> What to do:
Write out the entries again exactly as they are given.

[Opening Records supplied section]

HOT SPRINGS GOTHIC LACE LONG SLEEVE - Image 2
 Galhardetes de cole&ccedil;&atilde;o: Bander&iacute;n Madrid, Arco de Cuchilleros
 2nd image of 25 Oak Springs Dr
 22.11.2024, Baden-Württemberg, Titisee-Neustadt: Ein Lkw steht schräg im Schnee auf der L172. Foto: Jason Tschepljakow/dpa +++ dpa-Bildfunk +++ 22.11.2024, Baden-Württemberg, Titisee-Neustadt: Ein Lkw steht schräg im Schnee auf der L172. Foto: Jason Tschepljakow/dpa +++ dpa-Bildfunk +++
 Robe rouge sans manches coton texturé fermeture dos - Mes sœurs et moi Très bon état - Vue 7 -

[Closing Records supplied section]

> Exercise output:
HOT SPRINGS GOTHIC LACE LONG SLEEVE - Image 2
 Galhardetes de cole&ccedil;&atilde;o: Bander&iacute;n Madrid, Arco de Cuchilleros
 2nd image of 25 Oak Springs Dr
 22.11.2024, Baden-Württemberg, Titisee-Neustadt: Ein Lkw steht schräg im Schnee auf der L172. Foto: Jason Tschepljakow/dpa +++ dpa-Bildfunk +++ 22.11.2024, Baden-Württemberg, Titisee-Neustadt: Ein Lkw steht schräg im Schnee auf der L172. Foto: Jason Tschepljakow/dpa +++ dpa-Bildfunk +++
 Robe rouge sans manches coton texturé fermeture dos - Mes sœurs et moi Très bon état - Vue 7 -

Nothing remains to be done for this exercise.